[Problem] Beginning with the line that holds "Army offers free", please retype each line through the end of the listing below, both ends included, and nothing more.

[Data extract]

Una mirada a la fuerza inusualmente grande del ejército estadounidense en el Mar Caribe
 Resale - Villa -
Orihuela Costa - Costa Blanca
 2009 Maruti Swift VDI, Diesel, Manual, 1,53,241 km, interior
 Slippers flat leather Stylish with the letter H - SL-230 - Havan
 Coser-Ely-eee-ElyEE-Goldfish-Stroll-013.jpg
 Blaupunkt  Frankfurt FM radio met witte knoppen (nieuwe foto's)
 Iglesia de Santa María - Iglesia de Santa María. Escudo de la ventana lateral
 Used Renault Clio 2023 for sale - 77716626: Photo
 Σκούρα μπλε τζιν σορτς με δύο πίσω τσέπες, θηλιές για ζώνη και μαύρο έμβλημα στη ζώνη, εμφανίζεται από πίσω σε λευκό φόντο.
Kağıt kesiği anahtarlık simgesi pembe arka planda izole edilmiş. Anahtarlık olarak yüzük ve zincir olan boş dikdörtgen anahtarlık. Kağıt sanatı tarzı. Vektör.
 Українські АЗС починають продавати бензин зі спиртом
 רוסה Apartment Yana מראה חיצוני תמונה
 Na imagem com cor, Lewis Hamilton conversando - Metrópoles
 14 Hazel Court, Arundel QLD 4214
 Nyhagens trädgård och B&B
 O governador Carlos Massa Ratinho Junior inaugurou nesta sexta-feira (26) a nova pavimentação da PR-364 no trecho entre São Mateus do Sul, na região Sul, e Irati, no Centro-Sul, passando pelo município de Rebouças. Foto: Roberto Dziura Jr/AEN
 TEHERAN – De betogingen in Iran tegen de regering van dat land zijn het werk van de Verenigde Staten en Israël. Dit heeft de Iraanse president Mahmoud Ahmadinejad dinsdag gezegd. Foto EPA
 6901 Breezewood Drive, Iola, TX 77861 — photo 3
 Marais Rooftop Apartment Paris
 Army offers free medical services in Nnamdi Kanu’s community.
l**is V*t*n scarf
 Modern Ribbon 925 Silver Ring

[Solution for this problem]
 Army offers free medical services in Nnamdi Kanu’s community.
l**is V*t*n scarf
 Modern Ribbon 925 Silver Ring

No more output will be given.